BEGIN WORKING DATA

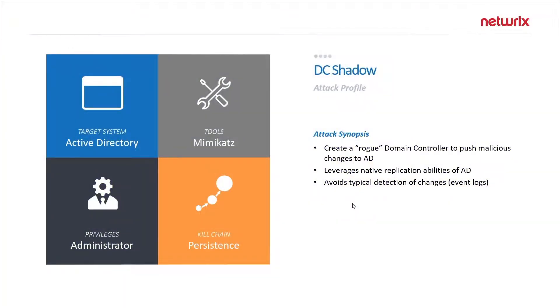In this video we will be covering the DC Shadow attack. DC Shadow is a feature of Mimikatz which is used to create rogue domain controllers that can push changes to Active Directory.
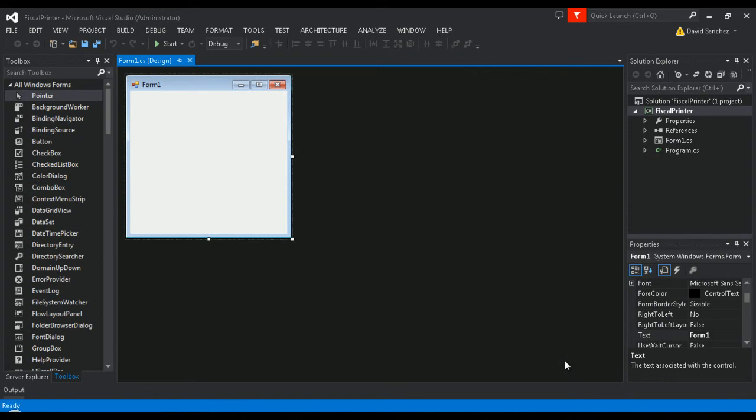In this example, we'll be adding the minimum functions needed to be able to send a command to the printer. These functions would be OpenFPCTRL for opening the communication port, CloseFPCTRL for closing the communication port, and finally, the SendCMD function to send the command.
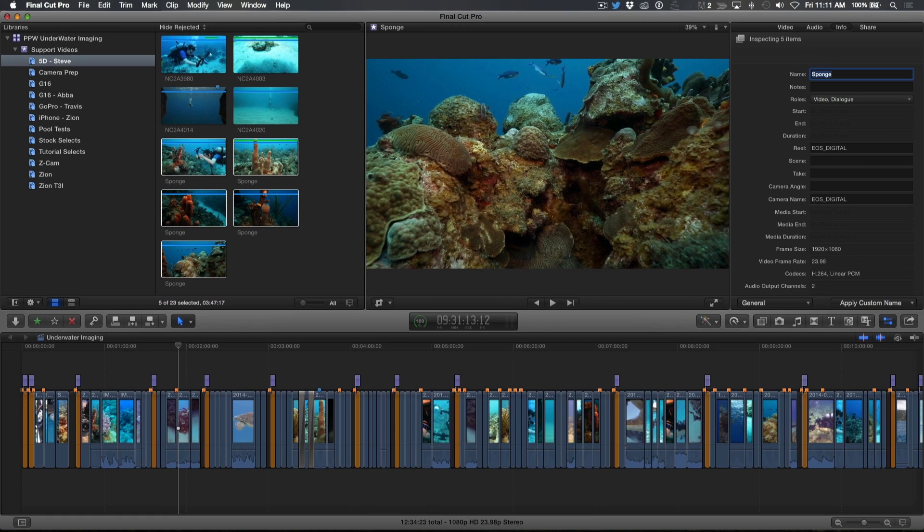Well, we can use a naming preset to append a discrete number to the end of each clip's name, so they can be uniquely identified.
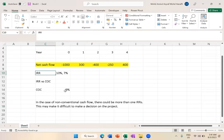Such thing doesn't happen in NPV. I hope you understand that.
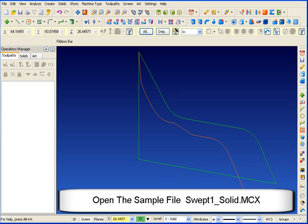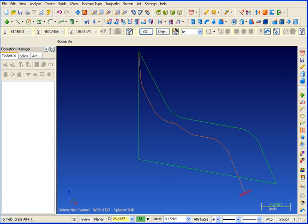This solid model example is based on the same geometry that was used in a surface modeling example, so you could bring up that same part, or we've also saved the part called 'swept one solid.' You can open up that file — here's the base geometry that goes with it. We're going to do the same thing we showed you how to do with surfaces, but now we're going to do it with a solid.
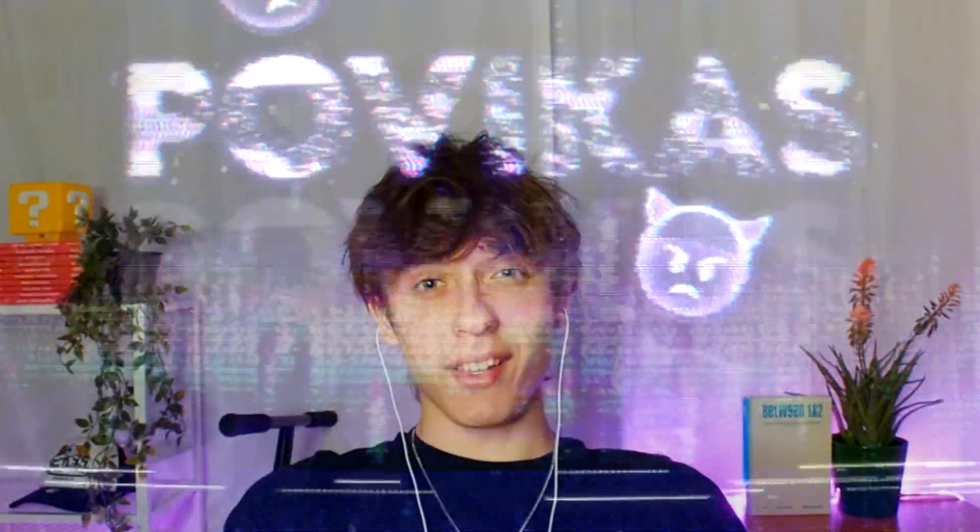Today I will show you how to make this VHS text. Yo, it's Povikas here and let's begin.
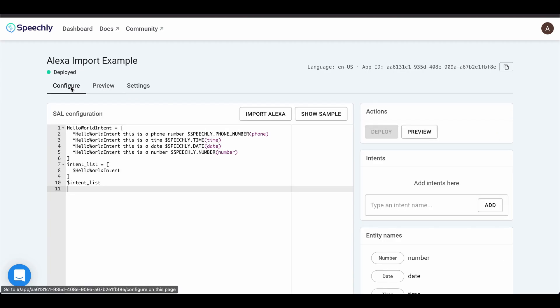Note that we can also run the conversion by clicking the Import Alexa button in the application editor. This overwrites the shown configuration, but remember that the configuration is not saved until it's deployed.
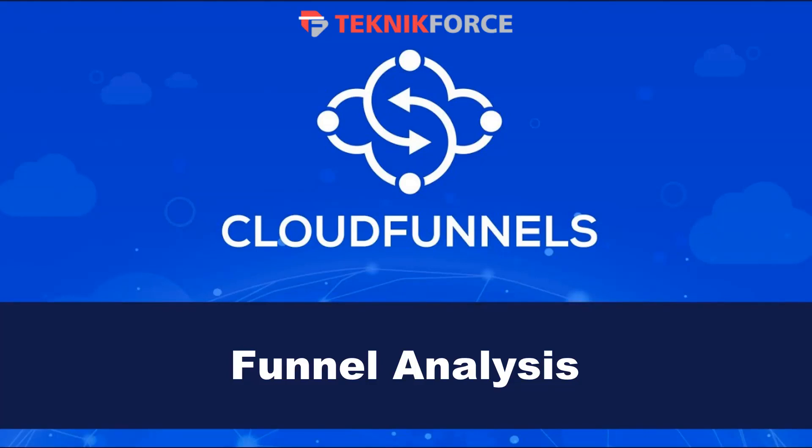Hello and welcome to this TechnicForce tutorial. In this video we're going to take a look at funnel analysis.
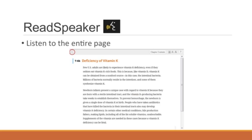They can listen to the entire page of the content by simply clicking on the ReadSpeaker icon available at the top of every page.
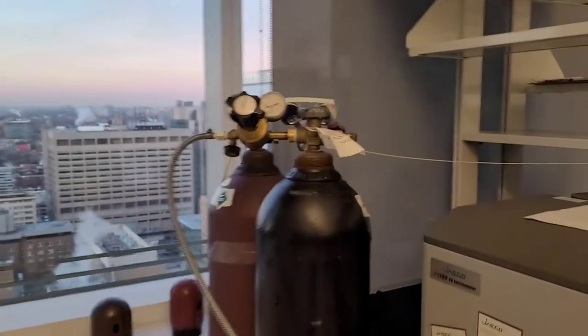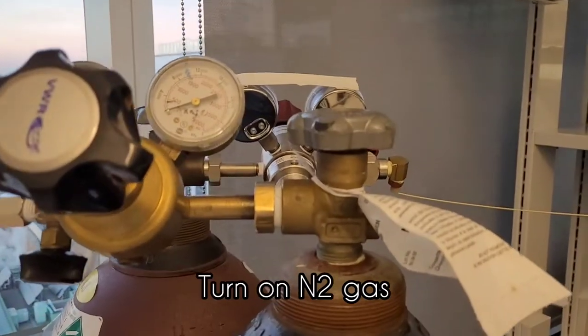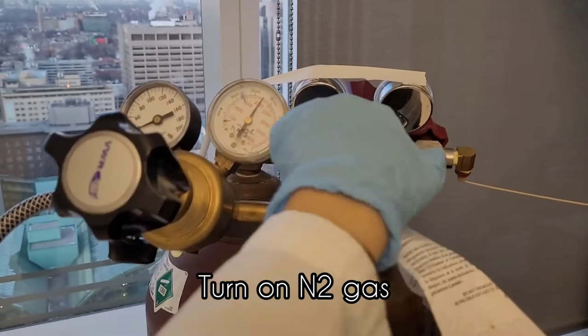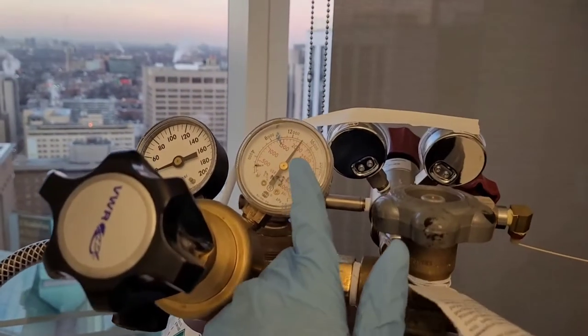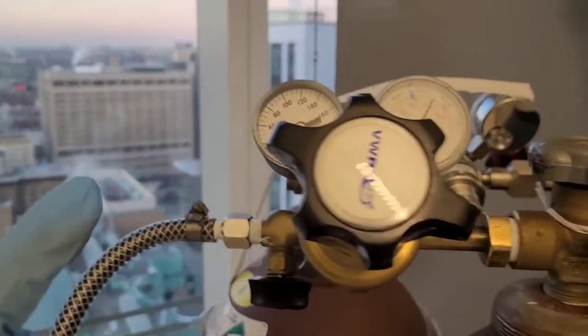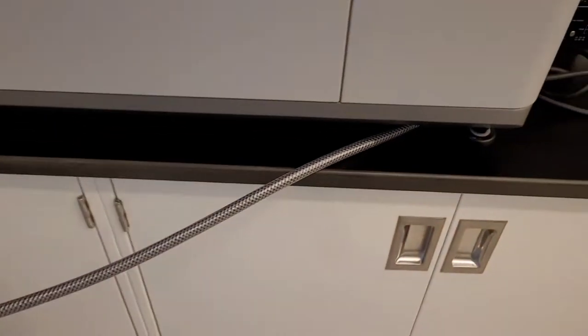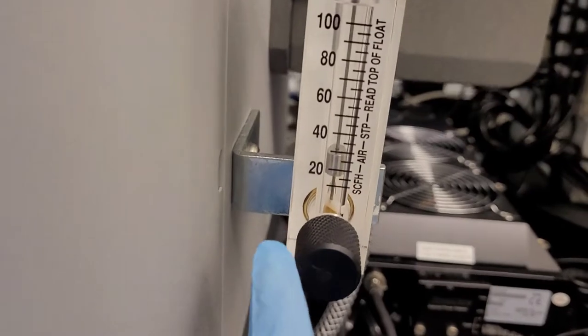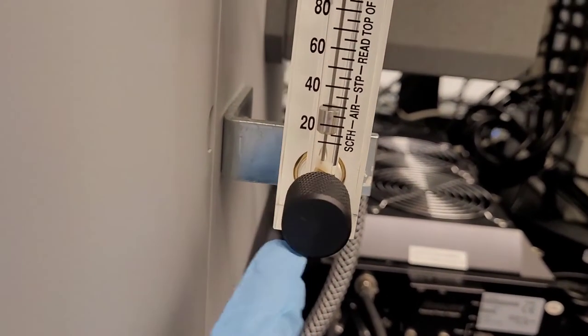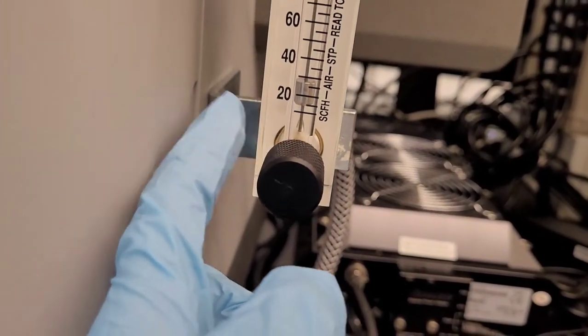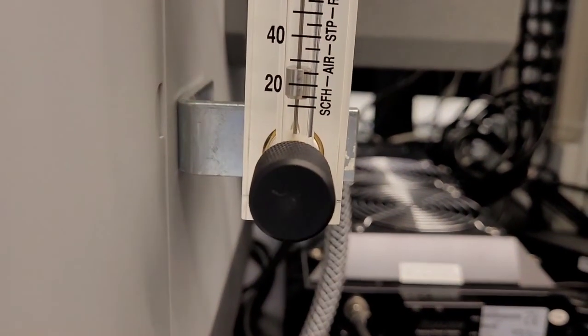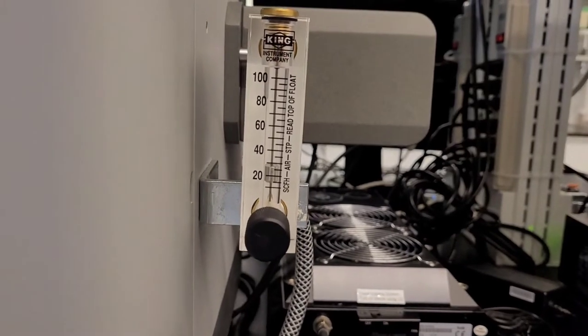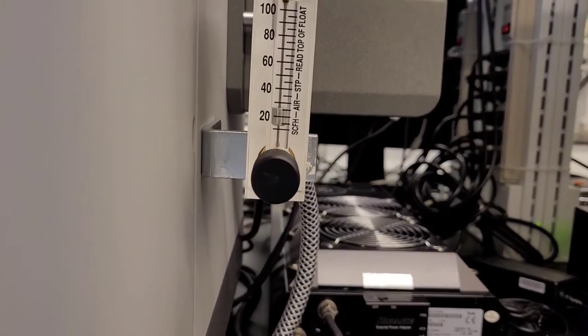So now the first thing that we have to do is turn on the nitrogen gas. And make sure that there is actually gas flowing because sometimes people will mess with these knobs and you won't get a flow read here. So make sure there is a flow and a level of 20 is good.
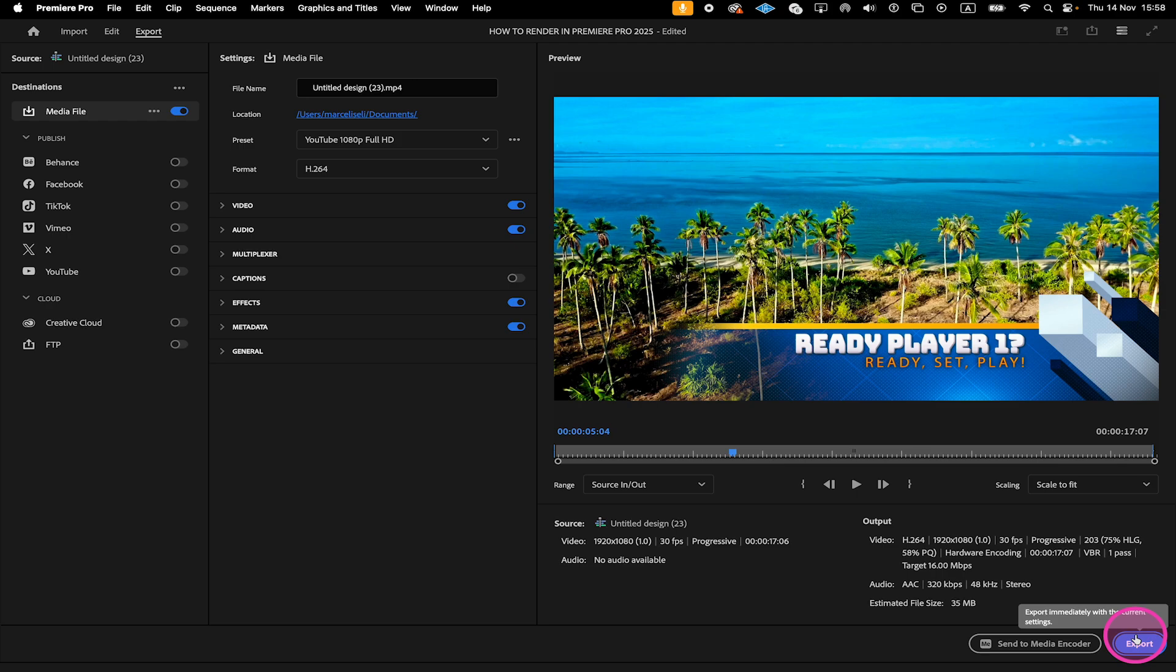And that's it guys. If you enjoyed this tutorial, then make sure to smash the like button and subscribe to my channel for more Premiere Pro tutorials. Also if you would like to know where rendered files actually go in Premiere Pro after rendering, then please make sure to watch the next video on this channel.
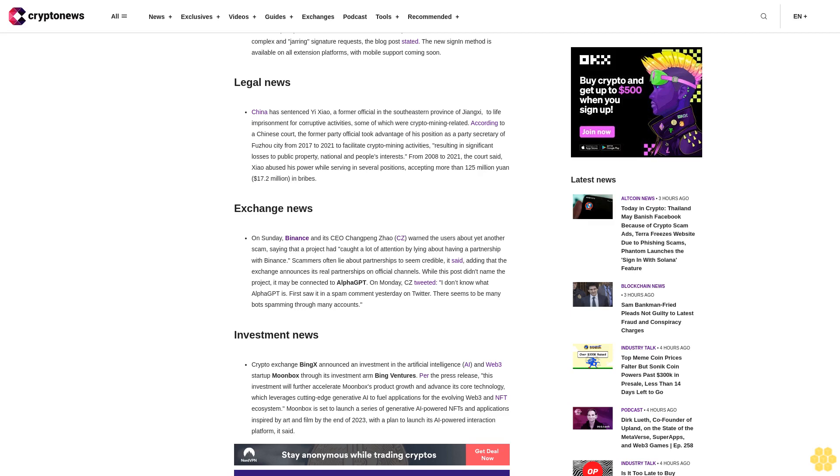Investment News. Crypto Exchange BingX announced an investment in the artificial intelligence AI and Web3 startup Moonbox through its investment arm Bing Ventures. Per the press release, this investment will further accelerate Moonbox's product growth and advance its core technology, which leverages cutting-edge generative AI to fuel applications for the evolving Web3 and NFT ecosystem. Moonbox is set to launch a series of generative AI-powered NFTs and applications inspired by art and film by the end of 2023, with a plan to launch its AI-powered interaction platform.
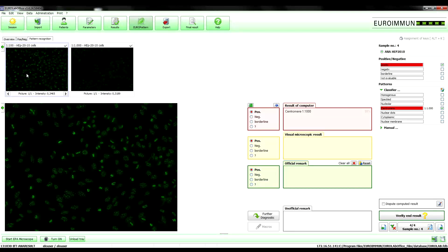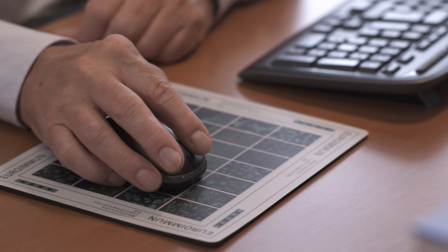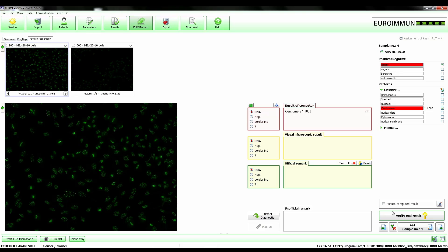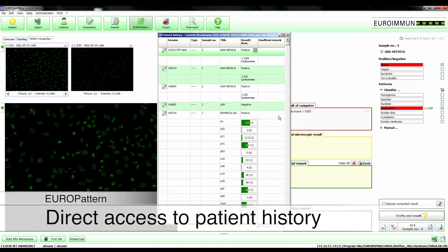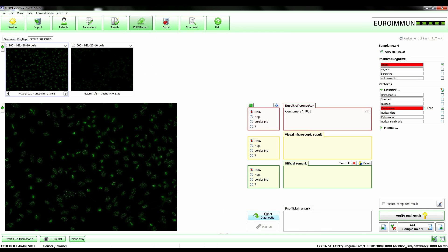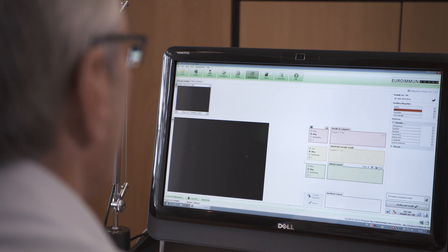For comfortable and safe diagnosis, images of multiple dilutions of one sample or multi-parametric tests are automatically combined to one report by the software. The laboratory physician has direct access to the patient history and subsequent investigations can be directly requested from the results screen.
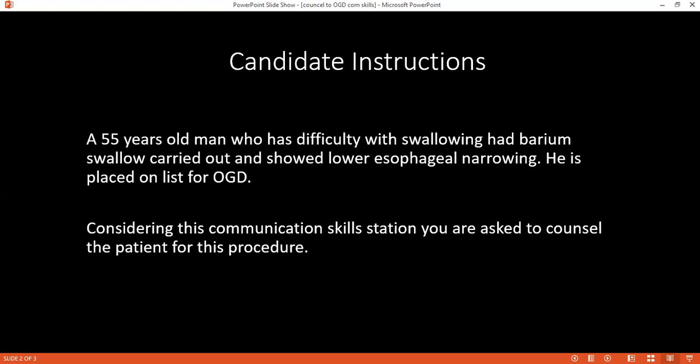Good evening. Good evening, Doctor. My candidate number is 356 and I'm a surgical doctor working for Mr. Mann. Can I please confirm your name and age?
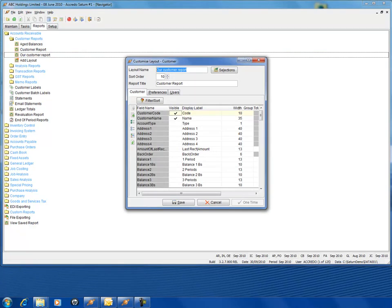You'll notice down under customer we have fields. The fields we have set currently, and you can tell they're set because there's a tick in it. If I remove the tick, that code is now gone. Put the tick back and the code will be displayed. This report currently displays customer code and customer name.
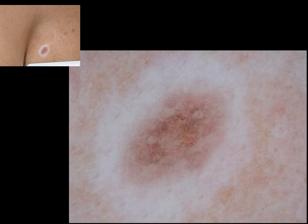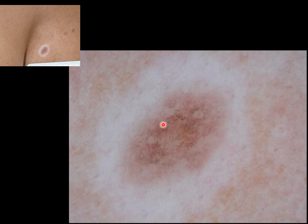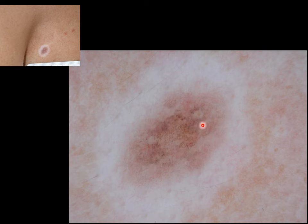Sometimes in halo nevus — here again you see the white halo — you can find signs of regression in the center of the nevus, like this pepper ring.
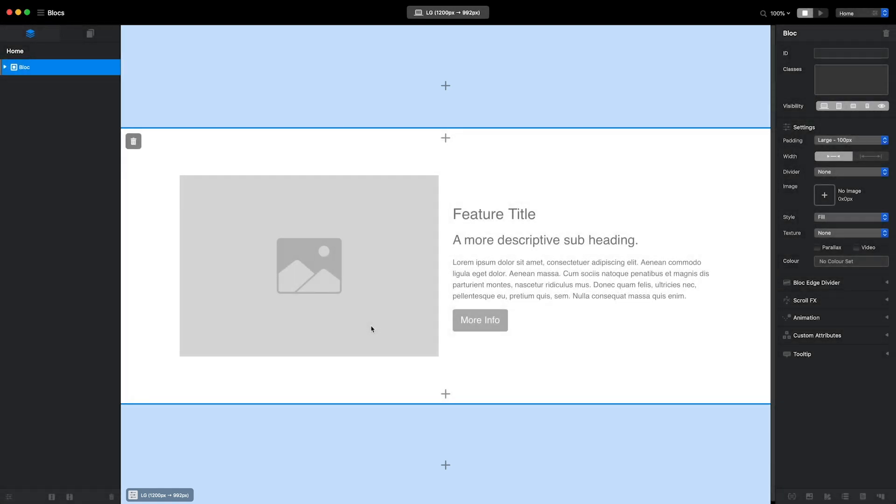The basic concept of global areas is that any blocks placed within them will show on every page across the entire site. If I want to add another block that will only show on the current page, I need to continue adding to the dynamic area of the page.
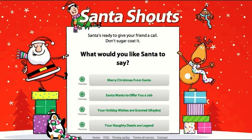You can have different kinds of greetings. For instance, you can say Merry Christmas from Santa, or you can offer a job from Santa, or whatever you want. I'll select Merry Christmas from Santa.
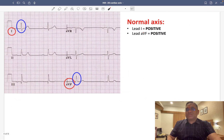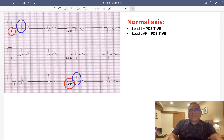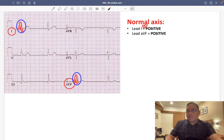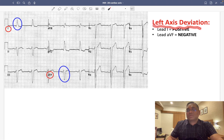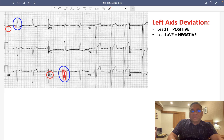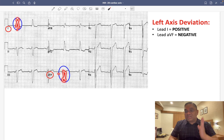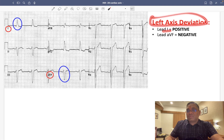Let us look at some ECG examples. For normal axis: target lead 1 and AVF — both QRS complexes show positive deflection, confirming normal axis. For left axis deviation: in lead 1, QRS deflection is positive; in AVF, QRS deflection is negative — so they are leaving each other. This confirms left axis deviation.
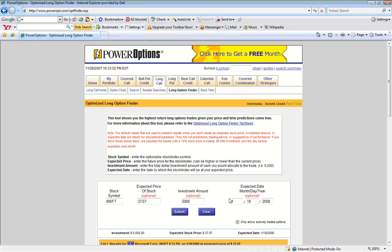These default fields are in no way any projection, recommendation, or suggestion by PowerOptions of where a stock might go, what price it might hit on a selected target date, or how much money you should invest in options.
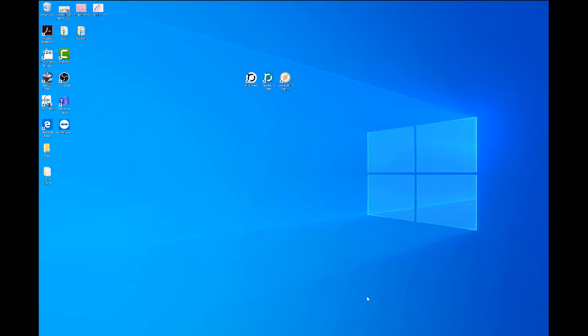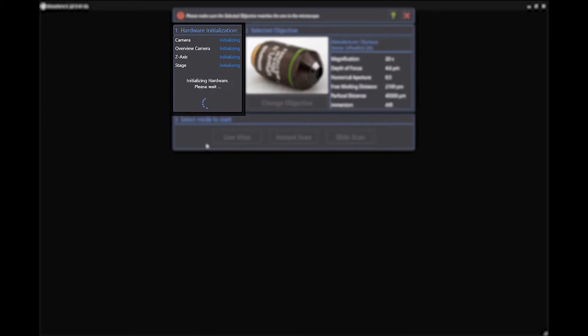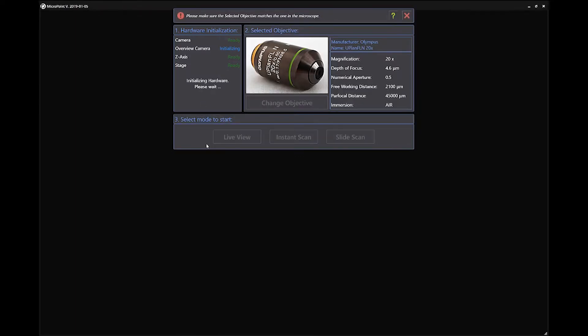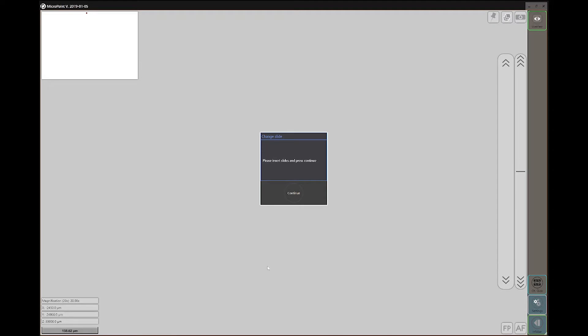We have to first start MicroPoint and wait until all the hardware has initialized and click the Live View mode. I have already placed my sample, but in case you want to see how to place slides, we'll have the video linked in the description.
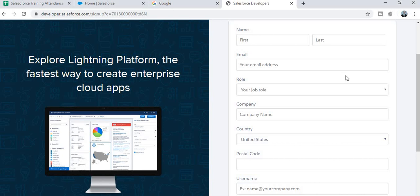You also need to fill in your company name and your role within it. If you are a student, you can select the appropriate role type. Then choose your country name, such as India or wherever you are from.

END WORKING DATA

* _INSTRUCTIONS FOR THE TASK_
Exactly reproduce the run of lines from the start of the listing through the line with "Such thing doesn't", inclusive; pictures are not copied.

* _SOLVED EXERCISE_
In this video we will be covering the DC Shadow attack. DC Shadow is a feature of Mimikatz which is used to create rogue domain controllers that can push changes to Active Directory.
In this example, we'll be adding the minimum functions needed to be able to send a command to the printer. These functions would be OpenFPCTRL for opening the communication port, CloseFPCTRL for closing the communication port, and finally, the SendCMD function to send the command.
Well, we can use a naming preset to append a discrete number to the end of each clip's name, so they can be uniquely identified.
Such thing doesn't happen in NPV. I hope you understand that.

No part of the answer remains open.